In 975 the Byzantines arrived and occupied Apamea for eighteen years up until 993. In 1106, it was conquered by the Crusaders. Forty-three years later, in 1149, the town was once again taken over by Nour Al-Din Ibn-Zanki.

Both a Hellenistic and Roman city, Apamea is laid out in chess-board fashion, like so many other imperial cities. The sitting of the various buildings and quarters of the city was determined in relation to the cardo, the central axis. Along this splendid thoroughfare which was lined with shops and linked the principal gates of the city flowed most of the public life of the city. The decumanus crossed the cardo at a right angle, usually somewhere about midway along its length and close to the agora or forum.
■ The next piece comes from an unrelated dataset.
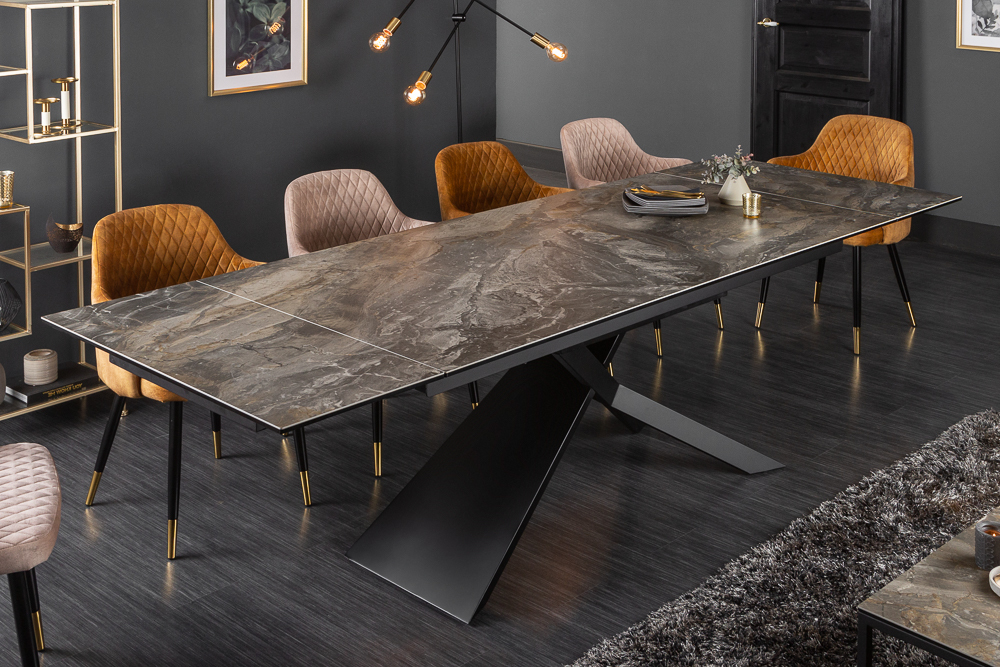 Ausziehbarer Esstisch EUPHORIA 180-220-260cm taupe anthrazit Keramik made in Italy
The cardo at Apamea was almost two kilometers long (1.850 m to be precise) and 37.50 meters wide. Originally 1,200 columns soared up into the sky. Quite a respectable boulevard for even a modern city! It was lined throughout its length with porticoes which rested on lofty columns. Monotony in the general perspective was avoided by subtle differences in the various sections of the colonnade; smooth columns with twisted moldings at the base, columns with straight or twisted fluting. All the capitals were elegant Corinthian ones.

This great colonnade was erected in the 2nd century A.D. and was still standing in the 12th. It took the earthquakes of 1157 and 1170 to demolish it. But dominating the tumbled ruins of the city, transcending the disorder, a series of columns with twisted fluting has been re-erected; their capitals and entablatures have been put back in place. All has become orderly once more, perspective has returned and reason and instinct are satisfied.

From the north gate, the Porte of Antioch , where an arch rises up out of a heap of stones, the route continues into a large colonnade, the northern part of which dates back to the last year of Trajan's reign (116-117), and which runs alongside the ruins of the northern baths built at the same time and divided into two parts: the warm and hot baths. Not far from here is the votive column posed on a triangular socle (14 meters tall). Apart from being useful point of reference on such along route, it also marked the intersection of the main avenue and another major street. Continuing on towards the town center, one comes across the bacchic pillar decorated with thyrsus, vine, and vine branch motifs. This once supported one of the arches which overhung the point where the side street met the main throughway.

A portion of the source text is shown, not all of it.